Let $G=\langle a,b\rangle$ be a free monoid generated by $a,b$. In other words, all possible words made up of $a,b$. Say S is a set of pairs of elements of $G$, say $S=\{(aa,bb),(a,ab)\}$, now we can generate another set $S^*$ from $S$ by concatenating the pairs as many times as we want. So $(aa,bb)$ can be used to create words such as $aabb$, $aabbaabb$,$aaaabb$ etc. Similarly $(a,ab)$ can generate essentially any word that does not have two $b$'s next to each other. My question is, what are some sufficient conditions on $S$ to guarantee $G\setminus\{a,b,ab\} \subset S^*$? Is what I am saying a concept people even study?

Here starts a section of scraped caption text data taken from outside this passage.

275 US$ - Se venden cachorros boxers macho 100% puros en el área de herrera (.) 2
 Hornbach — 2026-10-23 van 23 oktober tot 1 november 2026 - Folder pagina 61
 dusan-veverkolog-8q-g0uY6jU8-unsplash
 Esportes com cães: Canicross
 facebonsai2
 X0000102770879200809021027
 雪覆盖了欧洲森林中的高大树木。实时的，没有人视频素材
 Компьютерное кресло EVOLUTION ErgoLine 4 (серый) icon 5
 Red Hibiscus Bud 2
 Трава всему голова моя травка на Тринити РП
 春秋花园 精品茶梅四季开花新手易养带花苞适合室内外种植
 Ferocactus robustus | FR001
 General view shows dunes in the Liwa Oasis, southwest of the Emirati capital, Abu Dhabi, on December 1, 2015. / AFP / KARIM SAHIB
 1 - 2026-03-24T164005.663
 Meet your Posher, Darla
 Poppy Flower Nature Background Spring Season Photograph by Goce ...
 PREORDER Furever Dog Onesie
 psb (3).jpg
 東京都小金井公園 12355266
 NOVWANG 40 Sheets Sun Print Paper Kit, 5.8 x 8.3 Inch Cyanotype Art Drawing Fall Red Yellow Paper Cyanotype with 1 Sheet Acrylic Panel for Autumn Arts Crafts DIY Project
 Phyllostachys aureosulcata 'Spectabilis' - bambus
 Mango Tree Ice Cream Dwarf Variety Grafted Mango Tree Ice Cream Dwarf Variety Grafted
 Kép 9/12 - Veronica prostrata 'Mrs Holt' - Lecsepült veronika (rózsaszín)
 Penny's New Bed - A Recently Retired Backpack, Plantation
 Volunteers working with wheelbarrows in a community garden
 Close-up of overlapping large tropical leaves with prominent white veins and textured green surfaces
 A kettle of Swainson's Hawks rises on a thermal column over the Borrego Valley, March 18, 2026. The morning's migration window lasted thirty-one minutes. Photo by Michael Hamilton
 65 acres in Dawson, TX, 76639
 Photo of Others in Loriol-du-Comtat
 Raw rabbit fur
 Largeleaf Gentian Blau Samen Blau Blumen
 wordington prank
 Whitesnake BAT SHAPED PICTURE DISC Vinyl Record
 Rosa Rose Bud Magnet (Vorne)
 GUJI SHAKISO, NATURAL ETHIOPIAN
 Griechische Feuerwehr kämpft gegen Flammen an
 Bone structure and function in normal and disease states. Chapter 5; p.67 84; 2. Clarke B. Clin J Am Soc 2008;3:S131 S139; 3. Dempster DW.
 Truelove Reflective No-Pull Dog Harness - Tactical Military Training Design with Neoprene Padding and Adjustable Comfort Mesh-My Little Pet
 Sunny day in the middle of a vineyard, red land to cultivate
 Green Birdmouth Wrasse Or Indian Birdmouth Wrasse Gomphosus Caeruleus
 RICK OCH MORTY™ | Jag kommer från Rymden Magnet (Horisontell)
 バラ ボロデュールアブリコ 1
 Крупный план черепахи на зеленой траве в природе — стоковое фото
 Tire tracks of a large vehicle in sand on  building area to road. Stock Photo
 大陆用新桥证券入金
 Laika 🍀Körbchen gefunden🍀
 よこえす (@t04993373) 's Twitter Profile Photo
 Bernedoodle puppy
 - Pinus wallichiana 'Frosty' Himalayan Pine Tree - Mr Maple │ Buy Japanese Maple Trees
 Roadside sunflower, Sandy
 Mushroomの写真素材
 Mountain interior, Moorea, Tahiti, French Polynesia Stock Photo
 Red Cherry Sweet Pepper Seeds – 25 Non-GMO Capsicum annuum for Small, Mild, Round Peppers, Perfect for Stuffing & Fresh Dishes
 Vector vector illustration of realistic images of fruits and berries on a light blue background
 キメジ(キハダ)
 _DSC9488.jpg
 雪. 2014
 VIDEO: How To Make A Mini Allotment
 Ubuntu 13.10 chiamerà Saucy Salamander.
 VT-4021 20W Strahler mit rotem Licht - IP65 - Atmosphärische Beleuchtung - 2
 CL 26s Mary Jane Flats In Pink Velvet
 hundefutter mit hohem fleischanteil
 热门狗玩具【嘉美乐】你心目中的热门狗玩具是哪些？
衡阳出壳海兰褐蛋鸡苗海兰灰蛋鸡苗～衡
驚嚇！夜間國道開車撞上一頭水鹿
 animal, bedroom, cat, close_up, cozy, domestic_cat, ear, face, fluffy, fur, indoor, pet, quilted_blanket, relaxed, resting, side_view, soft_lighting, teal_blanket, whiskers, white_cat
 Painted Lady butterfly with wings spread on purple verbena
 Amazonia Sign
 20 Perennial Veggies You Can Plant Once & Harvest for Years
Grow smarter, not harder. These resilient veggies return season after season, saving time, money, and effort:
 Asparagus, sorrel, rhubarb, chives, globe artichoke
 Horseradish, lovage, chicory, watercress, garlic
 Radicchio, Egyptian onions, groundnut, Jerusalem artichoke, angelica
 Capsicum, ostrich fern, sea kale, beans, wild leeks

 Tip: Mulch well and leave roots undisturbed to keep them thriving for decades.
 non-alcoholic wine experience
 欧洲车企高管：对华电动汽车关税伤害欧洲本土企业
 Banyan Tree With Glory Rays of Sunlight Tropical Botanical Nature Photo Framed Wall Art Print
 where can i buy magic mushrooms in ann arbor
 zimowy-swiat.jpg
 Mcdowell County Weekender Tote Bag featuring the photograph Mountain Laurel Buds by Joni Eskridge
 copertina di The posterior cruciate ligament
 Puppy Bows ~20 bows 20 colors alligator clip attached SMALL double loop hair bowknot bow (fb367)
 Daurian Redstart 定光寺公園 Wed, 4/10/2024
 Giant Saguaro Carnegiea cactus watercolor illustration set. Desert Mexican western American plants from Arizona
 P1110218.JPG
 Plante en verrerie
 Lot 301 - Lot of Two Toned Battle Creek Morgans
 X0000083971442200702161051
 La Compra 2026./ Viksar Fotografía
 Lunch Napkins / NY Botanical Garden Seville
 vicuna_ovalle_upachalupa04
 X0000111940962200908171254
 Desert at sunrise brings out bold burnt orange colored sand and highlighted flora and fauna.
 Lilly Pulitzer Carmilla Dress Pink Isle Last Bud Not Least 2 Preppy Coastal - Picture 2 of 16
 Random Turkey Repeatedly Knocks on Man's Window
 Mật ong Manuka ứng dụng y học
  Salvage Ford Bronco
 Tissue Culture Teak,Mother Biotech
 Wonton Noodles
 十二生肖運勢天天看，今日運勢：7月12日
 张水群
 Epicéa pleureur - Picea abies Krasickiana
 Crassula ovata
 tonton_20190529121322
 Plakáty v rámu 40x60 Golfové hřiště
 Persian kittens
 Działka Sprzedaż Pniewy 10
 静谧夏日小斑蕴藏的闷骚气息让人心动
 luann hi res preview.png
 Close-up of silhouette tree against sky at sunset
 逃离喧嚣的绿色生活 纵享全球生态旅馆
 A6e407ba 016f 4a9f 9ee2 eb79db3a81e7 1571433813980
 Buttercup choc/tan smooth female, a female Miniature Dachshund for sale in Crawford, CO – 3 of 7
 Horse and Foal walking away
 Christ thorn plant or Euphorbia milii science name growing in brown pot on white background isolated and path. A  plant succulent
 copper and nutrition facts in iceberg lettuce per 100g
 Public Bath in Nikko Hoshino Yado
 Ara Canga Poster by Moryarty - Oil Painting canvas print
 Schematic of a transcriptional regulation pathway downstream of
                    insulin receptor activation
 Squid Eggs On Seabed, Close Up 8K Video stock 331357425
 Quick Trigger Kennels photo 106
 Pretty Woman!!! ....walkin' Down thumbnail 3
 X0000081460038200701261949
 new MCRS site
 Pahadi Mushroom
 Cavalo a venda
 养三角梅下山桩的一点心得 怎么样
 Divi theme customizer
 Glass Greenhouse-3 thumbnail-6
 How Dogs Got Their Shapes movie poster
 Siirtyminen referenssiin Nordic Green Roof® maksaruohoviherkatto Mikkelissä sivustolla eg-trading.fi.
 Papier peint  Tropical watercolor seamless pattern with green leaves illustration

Any ideas, references would be helpful.
Your notation $S^*$ is a bit misleading. So let me first restate your question (as I understand it). Let $A = \{a,b\}$, $L = A^* \setminus \{a, b, ab\}$ and let $$ S = \{(u_1, v_1), (u_2, v_2), \ldots, (u_n, v_n) \} $$ be a finite set of pair of words of $A^*$. You are asking for some sufficient condition on $S$ to guarantee that $$ L \subseteq \{u_1, v_1\}^* \cup \{u_2, v_2\}^* \cup \dotsm \cup \{u_n, v_n\}^* $$ Theorem. This happens if and only if one of the sets $\{u_i, v_i\}$ is equal to $A$.
Proof. The condition is clearly sufficient. To prove it is also necessary, first recall that a subset $P$ of $A^*$ is dense if, for every word $w \in A^*$, $A^*wA^* \cap P \not= \emptyset$. It is nondense otherwise. For instance, $L$ is dense.
Step 1. Let $u, v \in A^*$. Then $\{u,v\}^*$ is dense if and only if $\{u,v\} = A$.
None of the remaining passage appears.